### Exercise requirements:
Note on the material below: return exactly the lines from the line that holds "What is Unified" through the line that holds "Her Yönü İle Göbeklitepe", and leave out each picture.

### Available records:
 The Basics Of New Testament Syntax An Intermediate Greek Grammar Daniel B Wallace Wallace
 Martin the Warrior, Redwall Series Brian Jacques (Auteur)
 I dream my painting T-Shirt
---
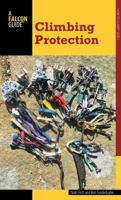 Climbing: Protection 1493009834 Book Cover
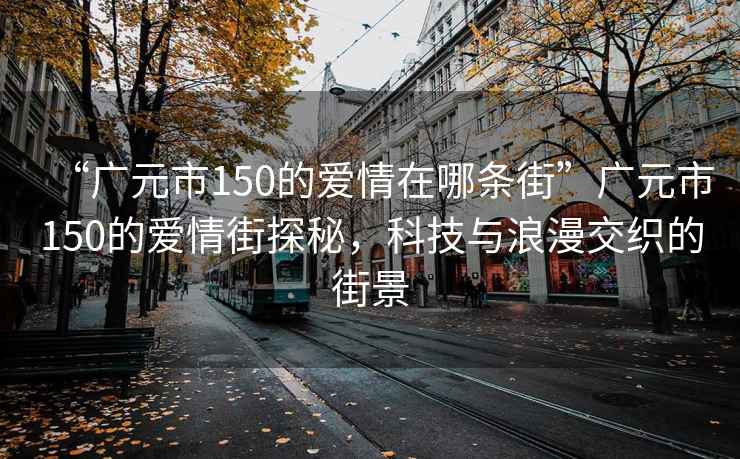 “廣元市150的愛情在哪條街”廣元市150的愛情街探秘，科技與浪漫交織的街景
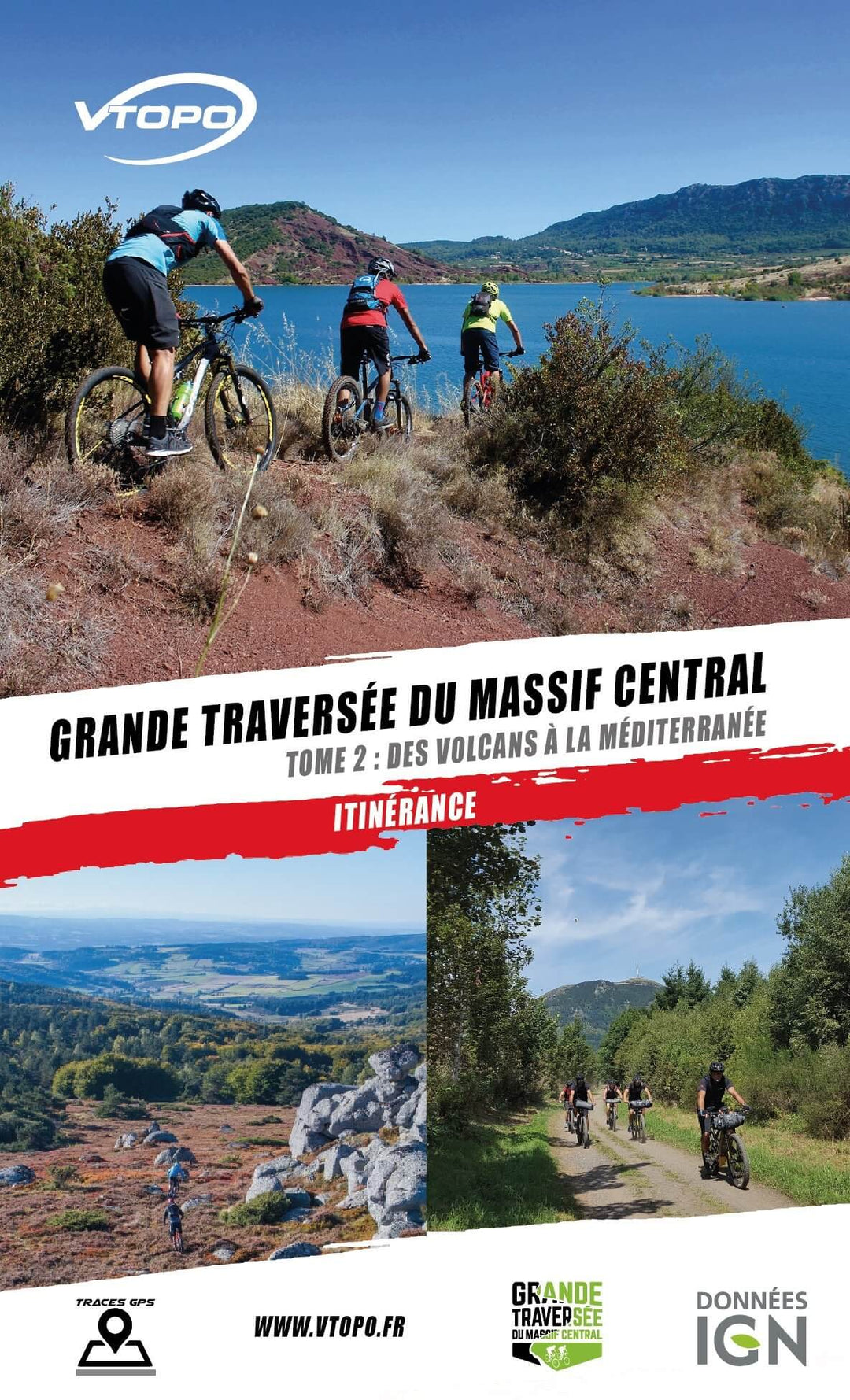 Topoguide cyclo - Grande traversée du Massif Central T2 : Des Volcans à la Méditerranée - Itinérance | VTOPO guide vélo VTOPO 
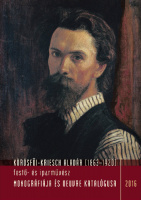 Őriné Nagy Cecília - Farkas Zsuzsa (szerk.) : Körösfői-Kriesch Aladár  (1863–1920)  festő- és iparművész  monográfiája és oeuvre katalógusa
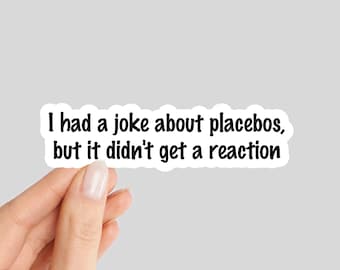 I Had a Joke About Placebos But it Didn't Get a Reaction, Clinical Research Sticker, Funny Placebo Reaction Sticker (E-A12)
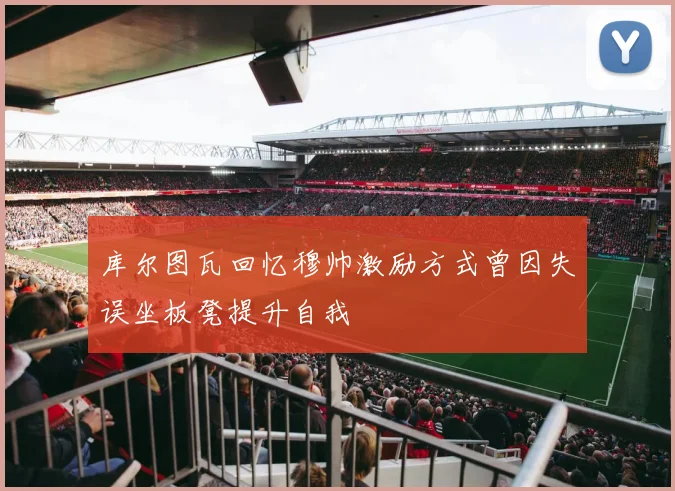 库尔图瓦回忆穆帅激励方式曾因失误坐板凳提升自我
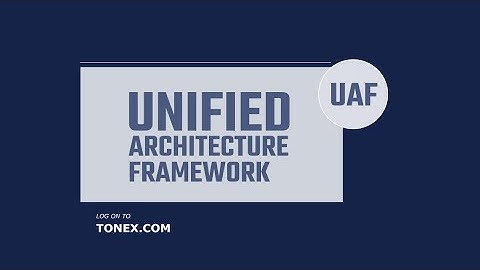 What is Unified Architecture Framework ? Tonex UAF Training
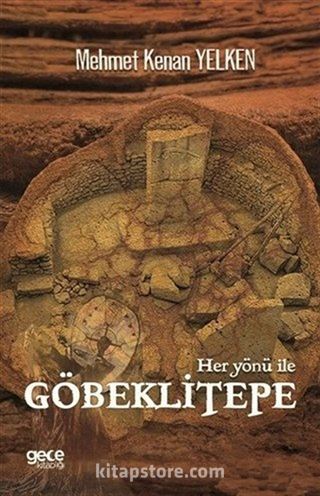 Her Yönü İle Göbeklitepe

### Response below:
 What is Unified Architecture Framework ? Tonex UAF Training
 Her Yönü İle Göbeklitepe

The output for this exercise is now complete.